Sono “strutture” le definizioni di forme geometriche (per esempio cerchi o quadrati) “costruite” dal

bambino mediante oggetti messi a disposizione nella cassetta (per esempio bastoncini con

lunghezze diverse, o oggetti tendenzialmente simili ai mattoncini Lego) oppure tracciate dal

paziente sulla sabbia, come solchi o rilievi, che siano appena più che linee e diano luogo a vere

“forme” (“perimetri”, come la classica “pista” per le biglie tracciata sulla sabbia nei parchi giochi ).

In tal senso, saranno “strutture” quelle che si pongono come “cornici” di altre porzioni della

cassetta, in quanto “racchiudono” al loro interno altri elementi.
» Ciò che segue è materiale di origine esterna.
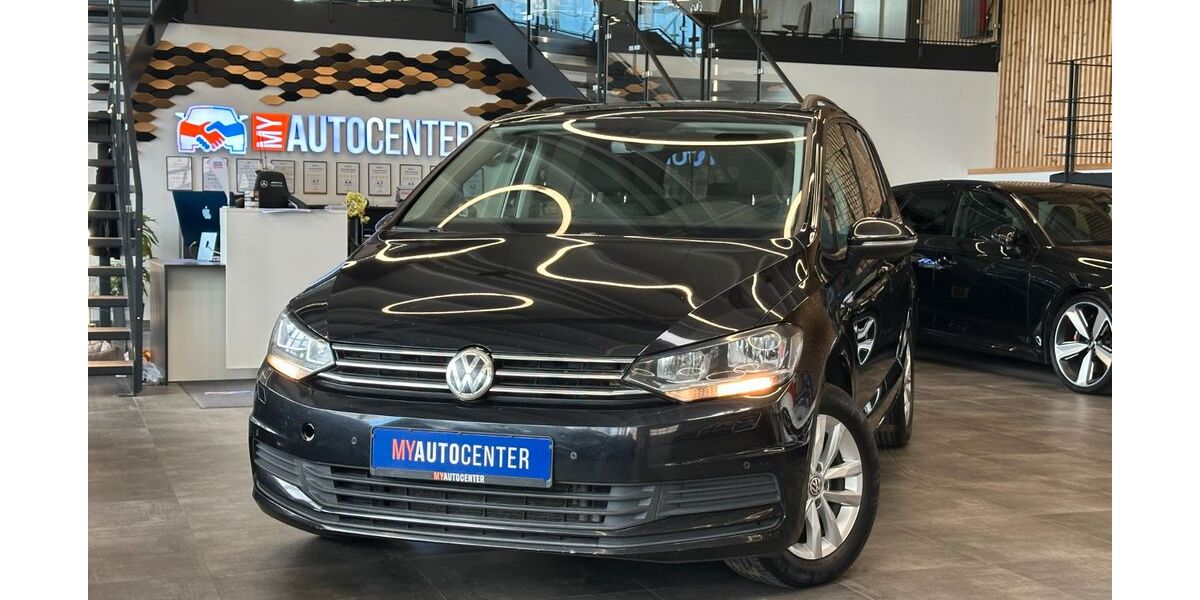 VW Touran 207.536 km 9.990 &euro; Pfaffenhofen 85276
Saranno sempre interpretabili come strutture le forme “piene”, come quelle che potrebbero essere

realizzate (a puro titolo di esempio) unendo le mani “a coppa” e costruendo degli “ammassi” di

sabbia, oppure come quelle che potrebbero risultare dalla definizione della sabbia mediante una

tipica “formina” per bambini, o “solidi” realizzati con gli oggetti cui si è accennato sopra (come i

“mattoncini” accatastati gli uni sugli altri a formare una sorta di quadrilatero o un semplice

mucchietto).

Similmente a quanto accade nell’interpretazione junghiana del Mandala (che si sviluppa

necessariamente per forme geometriche concentriche e interagenti), per quanto caotica possa

risultare la rappresentazione sulla sabbia consideriamo valido il fatto che il bambino tenderà sempre

a definire “strutture”: a disegnare quadrati o cerchi o solchi e confini, che racchiudono qualcosa o

dividono una parte dall’altra, che evidenziano “porzioni” di spazio con precise caratteristiche, e che

queste strutture avranno sempre la tendenza (più o meno accentuata, informazione non da poco) ad

essere parte di una forma più grande, una forma “strutturata”.
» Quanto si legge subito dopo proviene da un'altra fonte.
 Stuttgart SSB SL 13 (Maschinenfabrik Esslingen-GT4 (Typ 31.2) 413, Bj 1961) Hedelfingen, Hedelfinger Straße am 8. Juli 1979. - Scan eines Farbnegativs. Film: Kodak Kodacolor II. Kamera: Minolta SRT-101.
La presenza di “linee” o forme geometriche avrà, penso, particolari caratteristiche che sono

direttamente interpretabili.

I “confini” che si definiranno potranno essere netti o leggeri, i solchi evidenti o “sfumati”.

Potremmo avere strutture con linee frastagliate o più definite, “forme” ben delineate e “piene” o

informi, “cadenti”, parzialmente disperse e indefinibili.

Le strutture identificabili potranno dare l’impressione di essere “complete” o “incomplete”, e la

rappresentazione globale della cassetta potrà mostrare maggiore o minore “variabilità”, maggiore

quando presenterà molte strutture e quindi una immagine caotica, minore quando mostrerà poche

strutture e quindi fornirà una impressione di maggiore uniformità.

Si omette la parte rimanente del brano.